I never met Scott in person. He lived on the other side of the country in Orlando, Florida. We communicated over the internet, followed each other on Facebook, and read each other's blogs. I met him him on an internet group called DMD Pioneers. Like me, he used a ventilator, and was one of the older guys with DMD. I enjoyed his sense of humor, his good nature and admired his determination to live life on his terms. DMD would not prevent him from enjoying life.

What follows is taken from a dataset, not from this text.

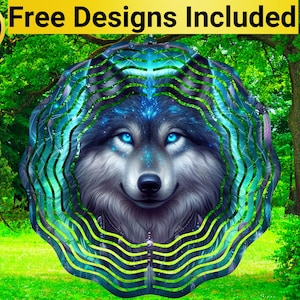 Wolf Dreamcatcher Wind Spinner, Wolf Wind Spinner Sublimation Design, Wolf Wind Spinner Sublimation, Wind Spinner Sublimation,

Scott, despite DMD, lived life to the fullest. He fought the good fight against this disease for as long as he was able. As he said in his blog post for his forty-fifth birthday: "The longer I am able to fight, the more rounds I win, and the more I am reminded to appreciate life and take each day as it comes." To him, every moment of life was to be cherished. He never knew when it could all end.

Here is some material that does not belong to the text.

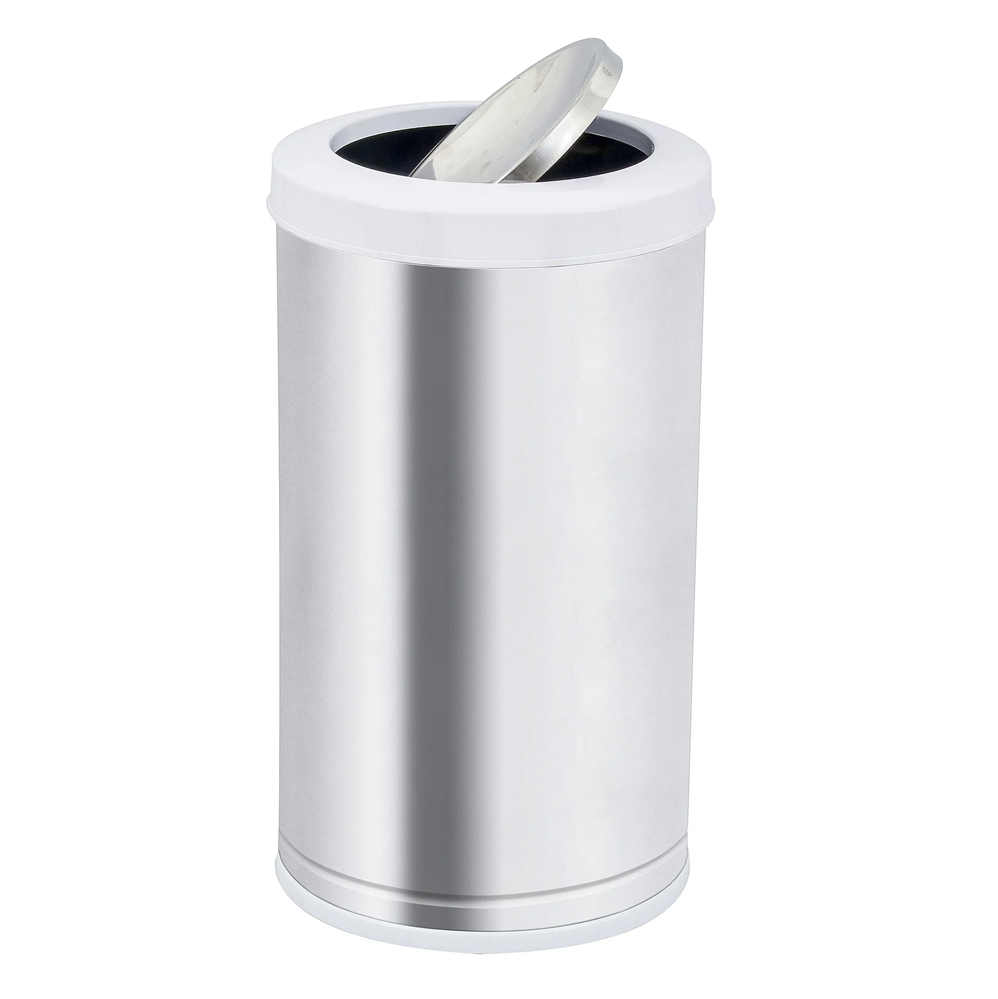 Lixeira Inox com Tampa Basculante 20L Viel com Aro Branco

Duchenne reality denies me the luxury of living in terms of years, months, weeks, or days. Heck, with the shape I'm in, even hours and minutes are questionable. I'm dealing solely with moments now, and my goal is to maintain my relentless desire to seize every single one of them!Living in the moment, and feeling fortunate to be alive is what helped him to cope with DMD. He wrote in his blog on his forty-fifth birthday:
...moments accumulate and grow into futures, and futures comprise lifetimes. By focusing on moments, I can relish in looking back on them from a future that was never promised. I remember being a mere teenager and dreaming of a future....I nearly lost my life quite a few times since then, but I have survived through it all to get here. This is where I wasn't supposed to be, but somehow I made it! This is the future, and I am fortunate enough to be sitting here--far beyond my life-expectancy projected by the so-called experts--and recalling 45 years worth of moments.Scott also found love. He met Rebekkah over the internet, and they fell in love. Rebekkah is one of the rare cases of a woman with Duchenne muscular dystrophy. She lived across the Atlantic in Liverpool, England, but this didn't prevent the relationship from blooming. Though their relationship started on-line it was real. They got engaged over video chat. But, it didn't end there. Rebekkah was flown to Florida so that they could be together. During the brief visit they became husband and wife. She returned to England, hoping to come back. They never got another chance to be with each other. But, a short time with someone who loves you is better than never having the chance. He left us with a smile in his heart.
Scott will be missed. Whenever the DMD community loses a member, it is a loss to all of us. Even if I don't know the one who died, I still grieve. We all share a kinship. Scott was a brother-in-arms in fighting against the constant foe of DMD. He fought the good fight for as long as he was able. I will continue to honor Scott, and all the others who have fallen, as long as I live. Farewell Scott. It was an honor to have known you.